In Southern Africa, excessive rains from January to March have caused serious flooding damaging infrastructure and thousands of hectares of standing crops in Zambia, Mozambique and Madagascar. A UN Consolidated Appeal to help the affected population and to resettle farming has been launched for Mozambique and Madagascar and one is being prepared for Zambia. In Zimbabwe, the Minister of Agriculture has officially declared a drought situation in the country and food shortages are anticipated for millions of vulnerable people struggling under the deepening economic crisis. In Lesotho and Swaziland, anticipated poor cereal harvests again in 2007 preclude an improvement in the food security of these countries. In Madagascar, the food security situation has worsened in southern parts because of drought last season and dry weather and severe floods in parts this season. In the Great Lakes region, the continuing civil strife in the Democratic Republic of the Congo, has affected large numbers of people who need food assistance. Food aid is also needed in Burundi following the reduced 2006 total food crops harvest, combined with resettlement of returnees and IDPs.
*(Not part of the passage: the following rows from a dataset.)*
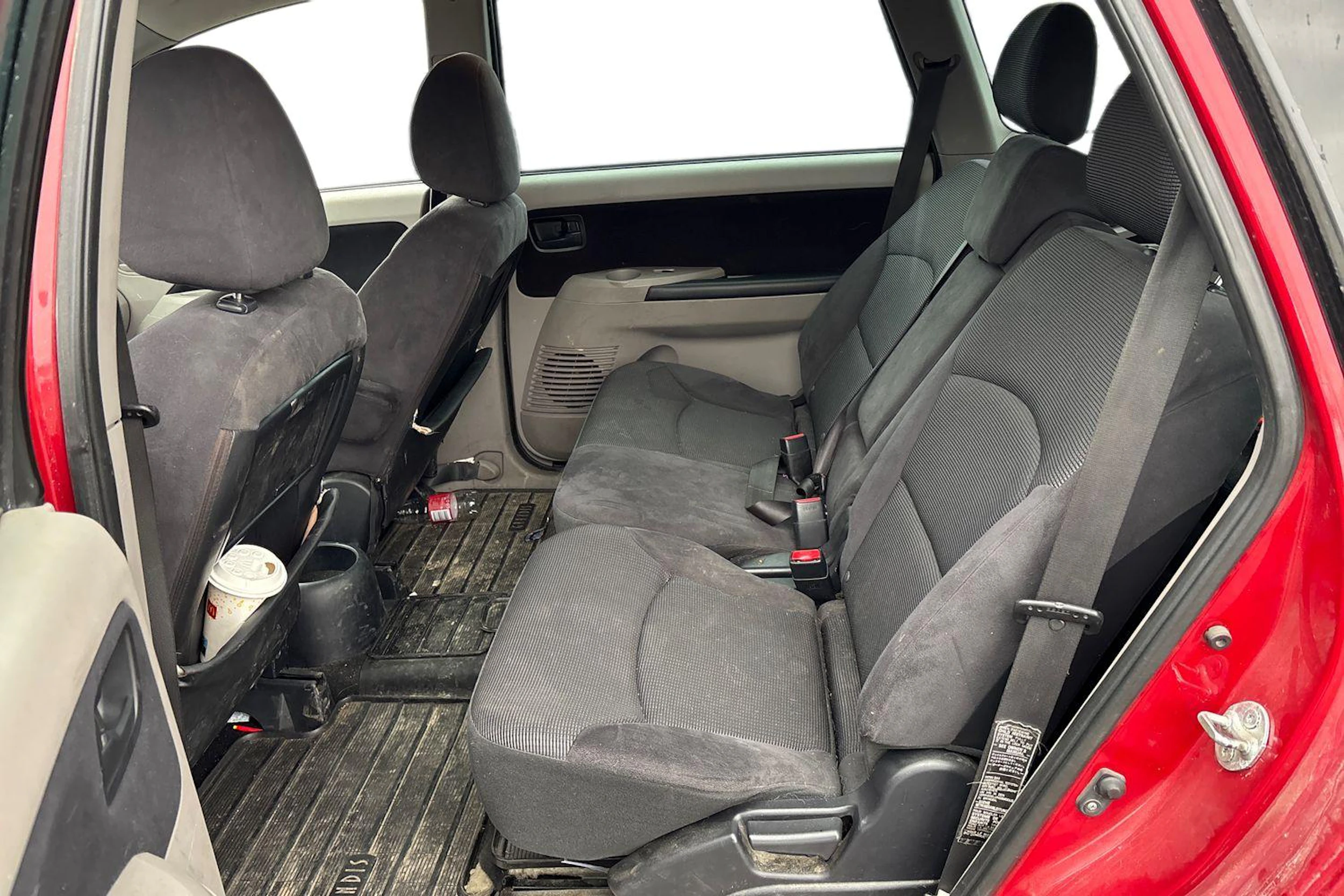 Punainen Mitsubishi Grandis 2009 kuva 8.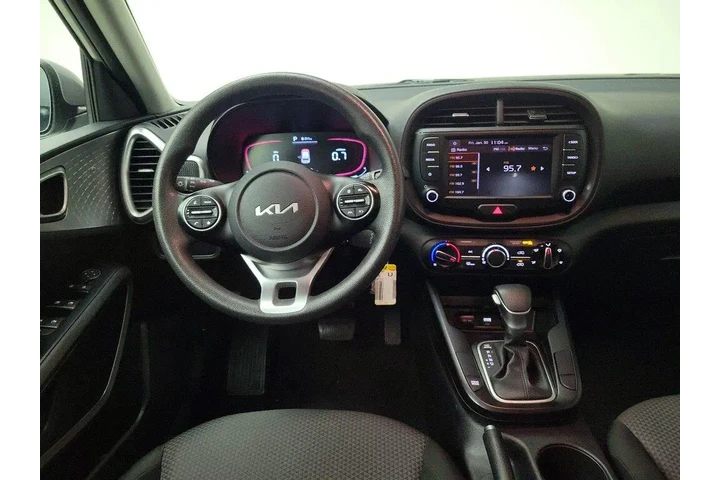 $15998 : Kia Soul 2023 LX 4dr Crossov image 9
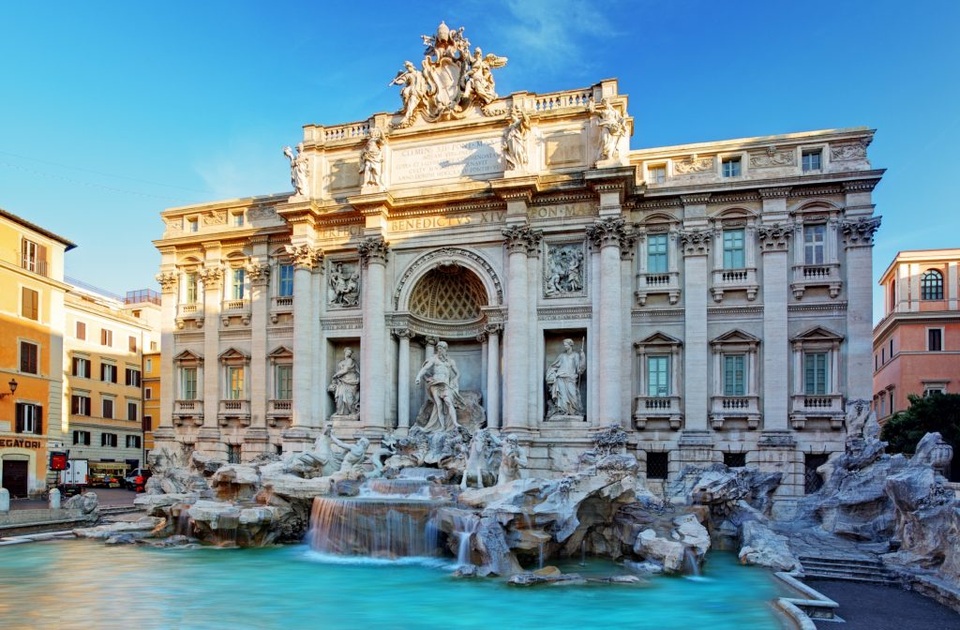 Phạt nặng du khách tắm giặt, khỏa thân tại các đài phun nước cổ ở Rome - 1 Đài phun nước Trevi nổi tiếng ở thành Rome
In Far East Asia, in Timor-Leste, where the current crops are significantly affected by unfavourable weather conditions and locusts, an estimated 100 000 IDPs are in need of food assistance. A tight food supply situation in Nepal continues as a result of a sharp decline in 2006 main crop production. In the Democratic People's Republic of Korea, despite an upward revision to the official estimate of 2006 cereal production, the Government has announced a deficit of 1 million tonnes of cereals, and the food security situation of millions of people remains a serious concern. In Sri Lanka, conflict, displacement and localized flooding continue to affect large numbers of people. In the Near East, in Iraq, conflict and insecurity continue to affect the lives of a large number of people, triggering a large scale displacement. In the Asian CIS, a large number of people in Armenia have been rendered food insecure as a result of drought-reduced harvests last year.

In Central America, assistance continues to be required in Haiti, due to long-term problems of insecurity and economic crisis. In South America, adverse weather conditions (floods in the lowlands and drought and frost in the highlands) have affected Bolivia's agricultural and livestock sectors, threatening the food security of the most vulnerable communities.